* [GIVEN DATA]:
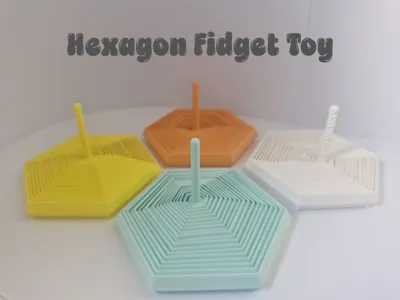 Hexagon Fidget Toy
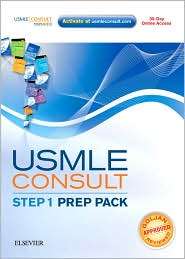 USMLE Consult Step 1 Prep Pack, (1437717004), USMLE Consult, Textbooks 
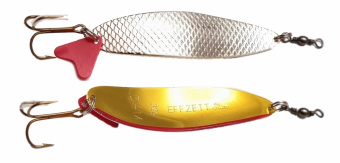  . DAM Effzett Slim Standart 08 - Silver/Gold 5032108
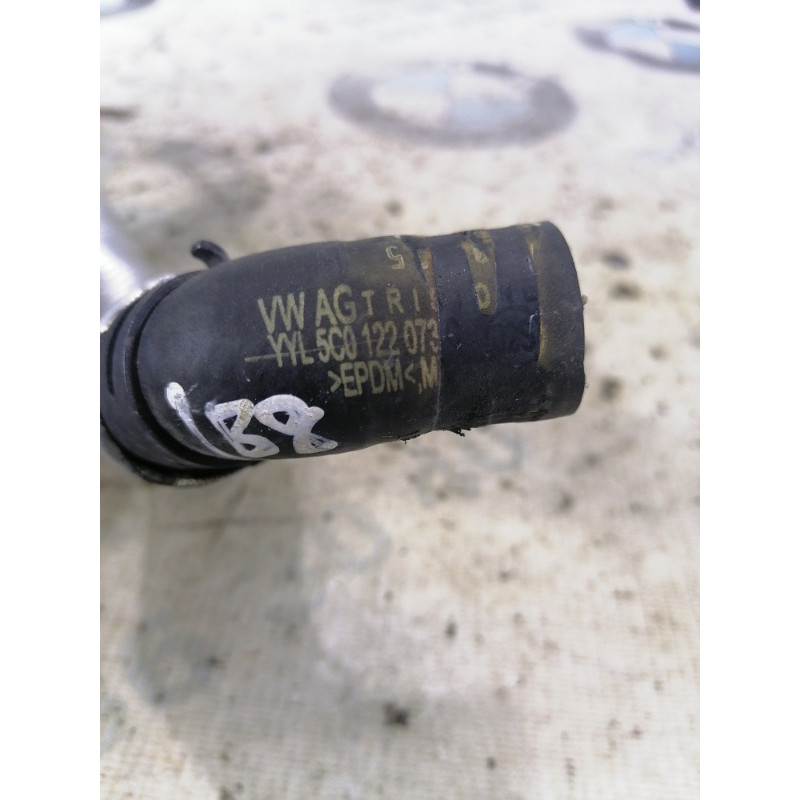 Патрубок (система охлаждения) Volkswagen Passat B8 2016 1.8 5c0122073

* [TASK]:
From the line that holds "USMLE Consult Step" down to the last line of the material above, every line is to be copied exactly, both ends included; pictures are to be omitted.

* [RESPONSE TO THE TASK]:
 USMLE Consult Step 1 Prep Pack, (1437717004), USMLE Consult, Textbooks 
  . DAM Effzett Slim Standart 08 - Silver/Gold 5032108
 Патрубок (система охлаждения) Volkswagen Passat B8 2016 1.8 5c0122073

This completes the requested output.